■ Instructions to follow ■
Within the records that follow, restate exactly the lines from the line with "Do not just" down to the line with "Dear friends, this", including both. Omit the pictures.

========================

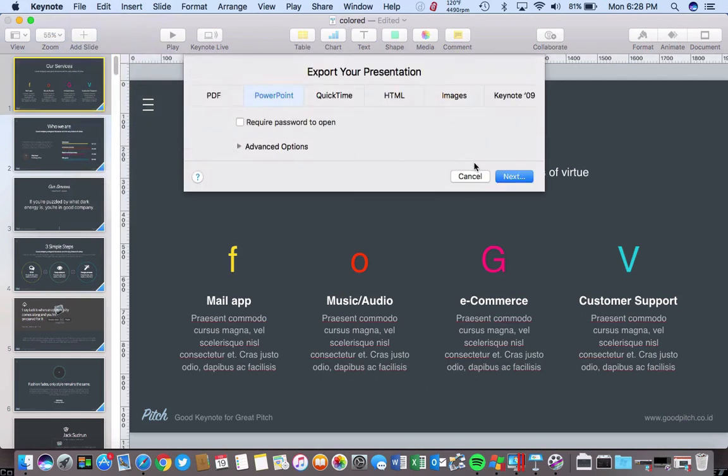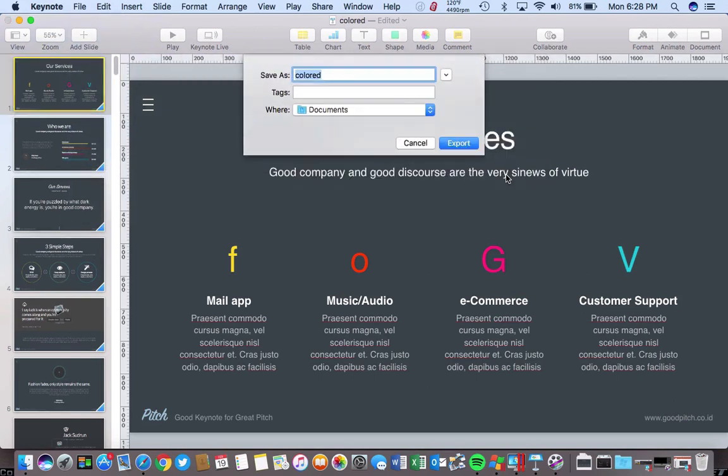Let's choose Next, and then choose a place and file name to save your exported PowerPoint edition of the slide deck.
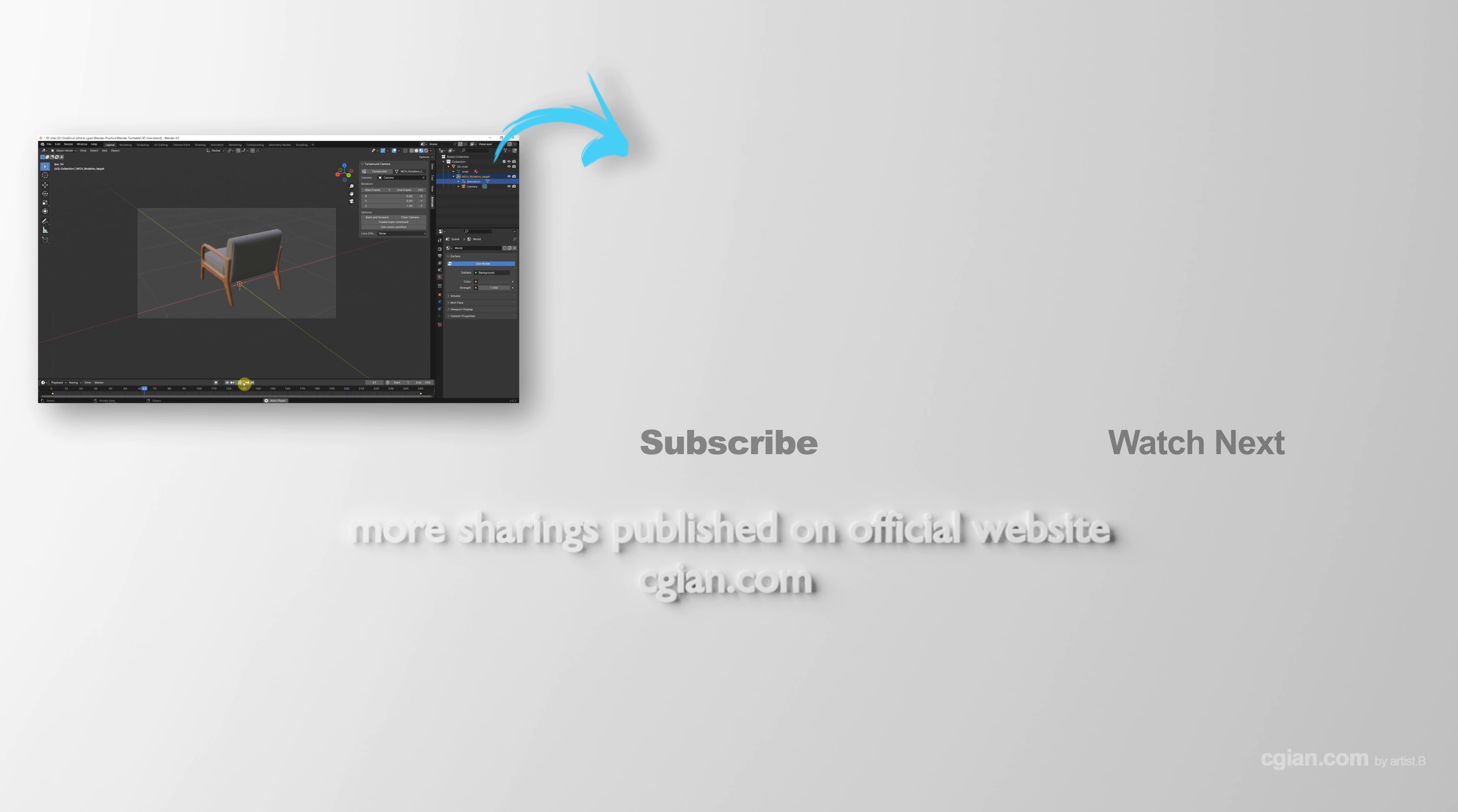Please subscribe this channel, more videos will be shared with you. I'm Alex V, see you in the next video. Bye-bye!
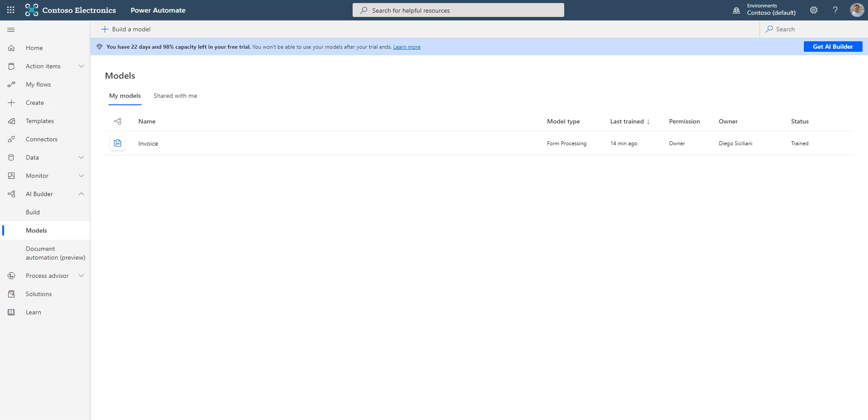In Power Automate AI Builder, we have created a form processing model and completed its training successfully.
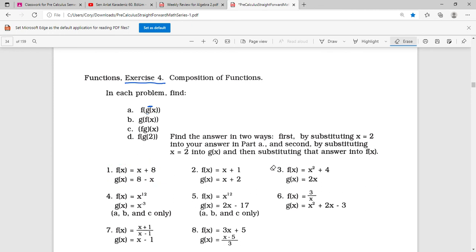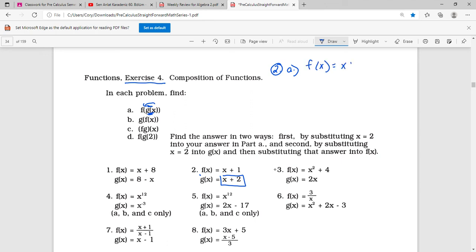For number 2 part A, we have f of x equals x plus 1 and g of x equals x plus 2. Doing g of x first and feeding that into f of x: we want f of (x plus 2). Wherever we have an x in f, we put x plus 2: so x plus 2 plus 1, which gives x plus 3.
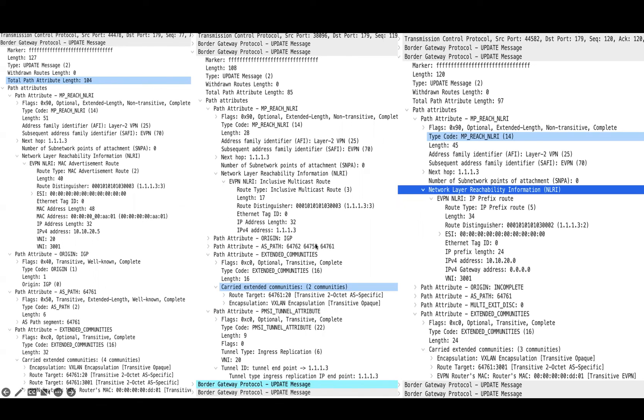I have included one slide that compares type 2 root, type 3 route, and type 5 route side by side. Hope you understood type 2, type 3, and type 5 routes. Thank you.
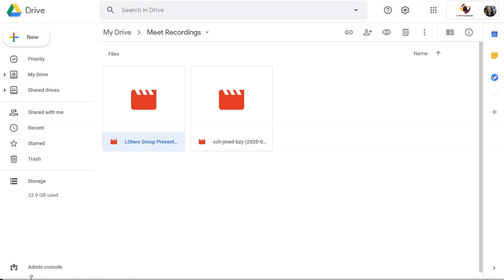So now you can either embed this link in Canvas if you're the instructor and you want to share your lecture, or you can submit this link to your instructor as your presentation link. Either way will work.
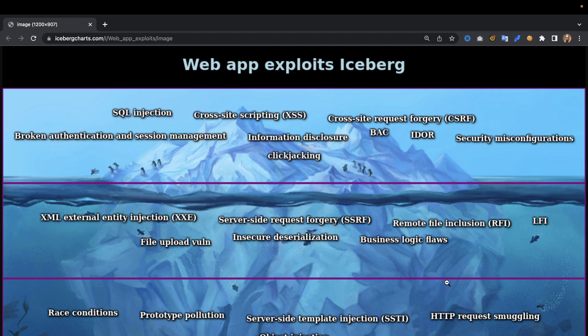Clickjacking is also in here — some of the less obscure items we should say. Then at one level below that we start looking at some of the more technical bugs.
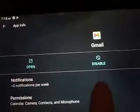Do not just disable it. You're gonna want to look for the three little dots. Before you disable it, you're gonna want to hit Uninstall Updates.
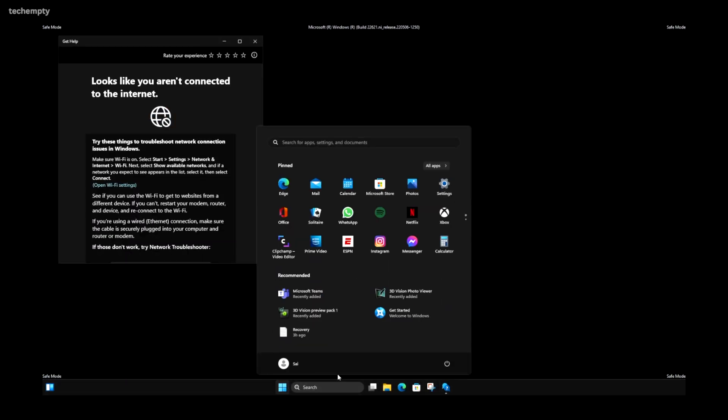As before, to exit, simply restart your computer. And there you have it — three simple, effective methods to boot your Windows 11 system in Safe Mode. Safe Mode is a powerful tool in your troubleshooting arsenal, ready to help you diagnose and resolve any system issues.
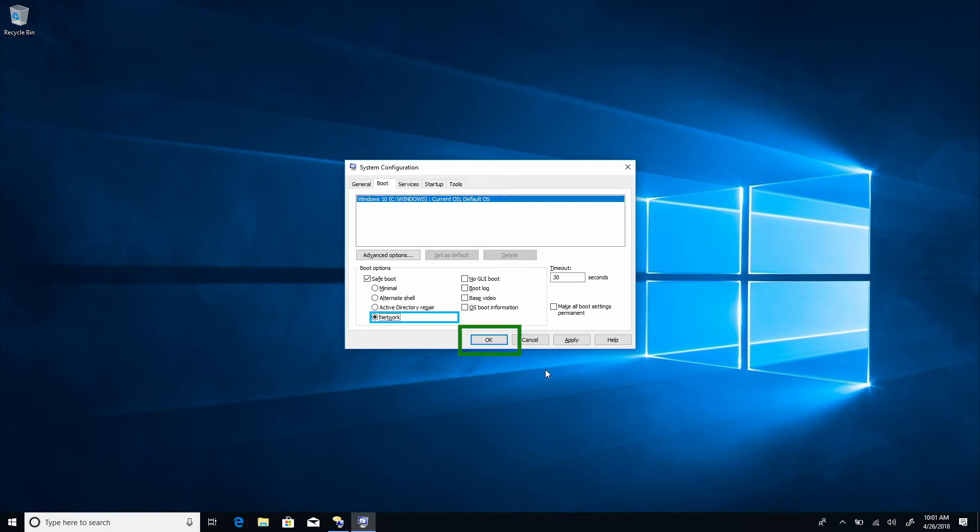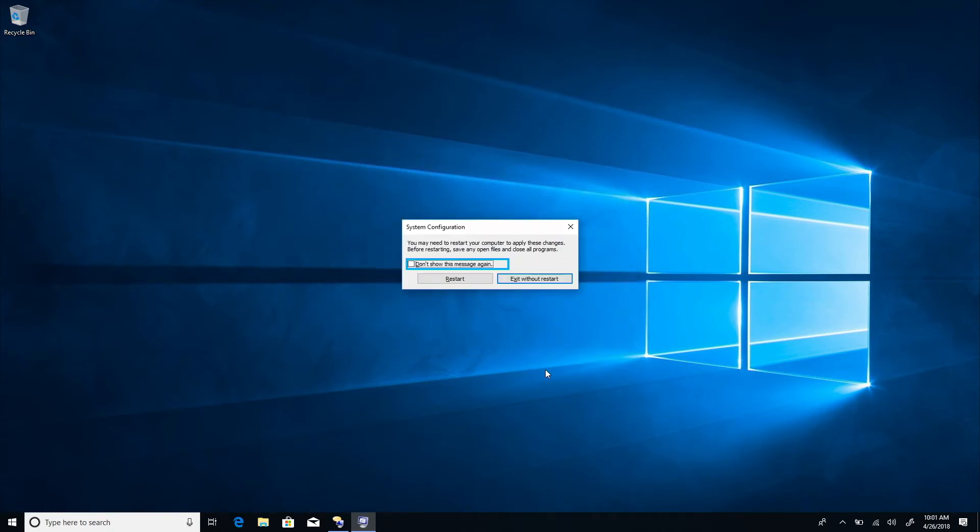Choose OK or hit enter and choose restart. System configuration dialog, unchecked, don't show this message again. Restart button. Space.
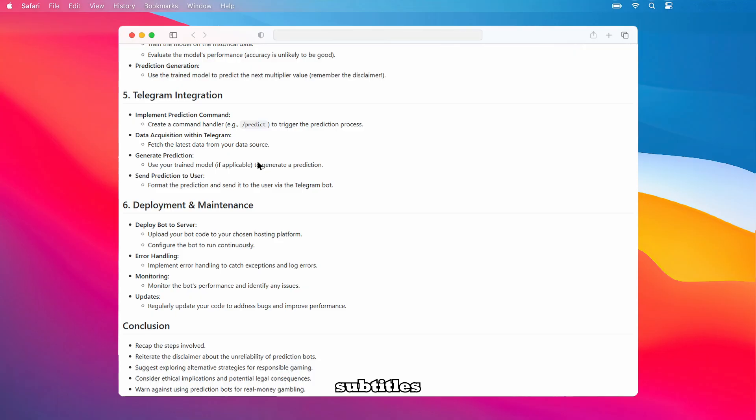In conclusion, we've recapped the steps involved in creating an Aviator predictor bot. I want to reiterate the disclaimer about the unreliability of prediction bots and suggest exploring alternative strategies for responsible gaming. Consider the ethical implications and potential legal consequences, and I want to strongly warn you against using prediction bots for real money gambling. Thanks for watching. See you next time on Help or Dad.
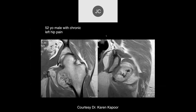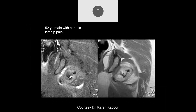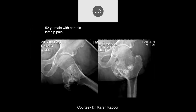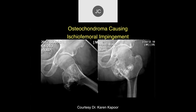It looks like a large osseous exostosis. Here's another example except this time it's on the femoral side, with a typical x-ray appearance of osteochondroma or exostosis, at a point where it can compress the ischial femoral space.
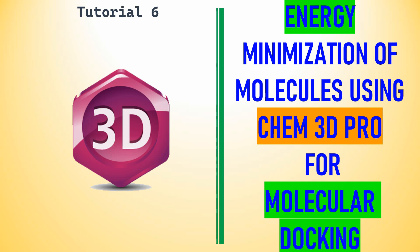Dear friends, this is my tutorial 6 in ChemDraw. I am using Chem3D software for energy minimization of small molecules for molecular docking.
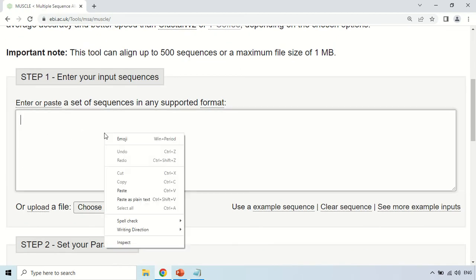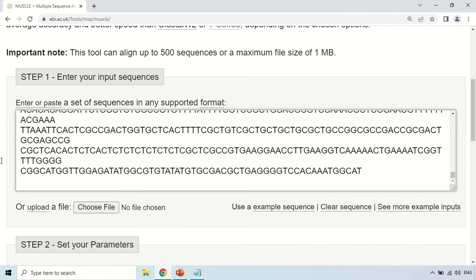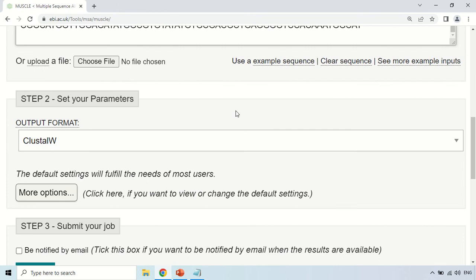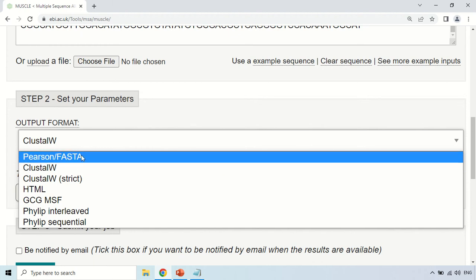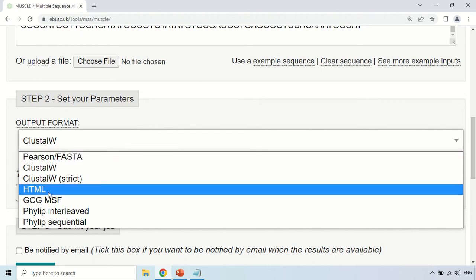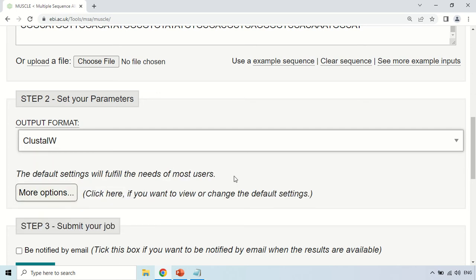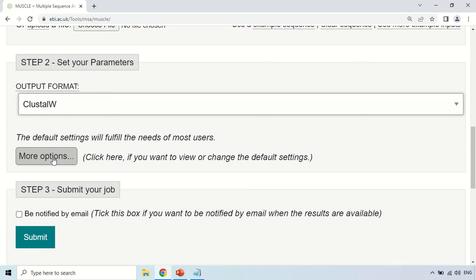Move back to the MUSCLE tool and just paste your sequences here. You can also upload a file — if you do not want to copy and paste, just choose your file containing the sequences under the 'Choose File' section. The second step is to set your parameters. Here you have to choose the output format. There are many formats like ClustalW, Pearson, FASTA, and HTML — it's up to you which format you want. For this instance, I am choosing ClustalW output format. Under 'More Options' there are more specific options used for research purposes, but the default options are sufficient most of the time.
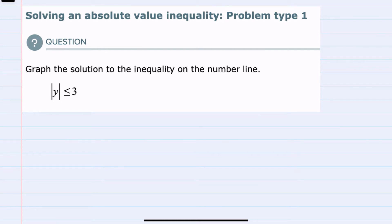Hello. In this video, I'll be helping you with the Alex problem type called solving an absolute value inequality, problem type 1. We're asked to graph the solution of this inequality on a number line, and to do so, we're going to want to drop the absolute value. For this example, I'm just going to concentrate on the procedure, in a similar way that we solved whenever we had equalities with absolute value.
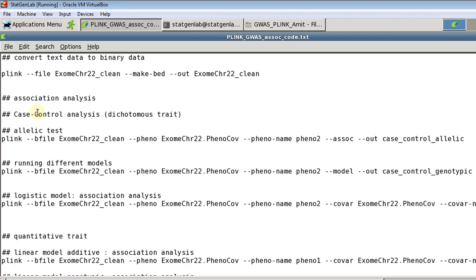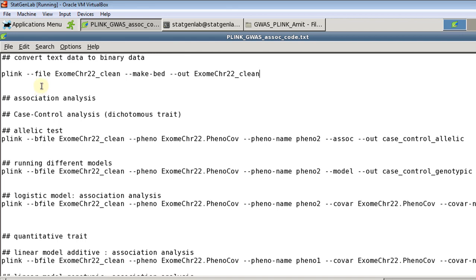So the first part would be we will be using dichotomous outcome. So for that we have various options in Plink. We can perform allelic test. So to perform allelic test first we need to call our data set. Before that, just like I showed you in previous video, I am going to convert our ped and map file into Plink's binary format. The reason is that it compresses file which is easier to read, quicker to read, and then it's much faster in doing analysis.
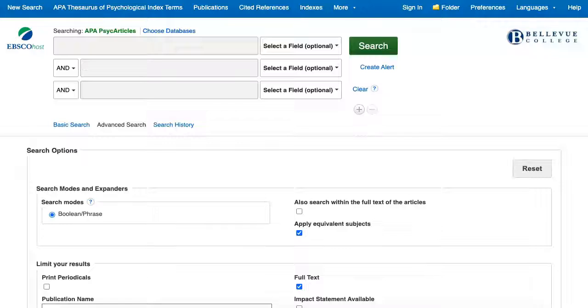The APA PsychArticles database contains peer-reviewed journals published by the American Psychological Association as well as related journals in psychology. This video will show you how to use the search features available in PsychArticles to help you find material for your research needs.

========================

■ Exercise result ■
Do not just disable it. You're gonna want to look for the three little dots. Before you disable it, you're gonna want to hit Uninstall Updates.
As before, to exit, simply restart your computer. And there you have it — three simple, effective methods to boot your Windows 11 system in Safe Mode. Safe Mode is a powerful tool in your troubleshooting arsenal, ready to help you diagnose and resolve any system issues.
Choose OK or hit enter and choose restart. System configuration dialog, unchecked, don't show this message again. Restart button. Space.
In conclusion, we've recapped the steps involved in creating an Aviator predictor bot. I want to reiterate the disclaimer about the unreliability of prediction bots and suggest exploring alternative strategies for responsible gaming. Consider the ethical implications and potential legal consequences, and I want to strongly warn you against using prediction bots for real money gambling. Thanks for watching. See you next time on Help or Dad.
It looks like a large osseous exostosis. Here's another example except this time it's on the femoral side, with a typical x-ray appearance of osteochondroma or exostosis, at a point where it can compress the ischial femoral space.
Dear friends, this is my tutorial 6 in ChemDraw. I am using Chem3D software for energy minimization of small molecules for molecular docking.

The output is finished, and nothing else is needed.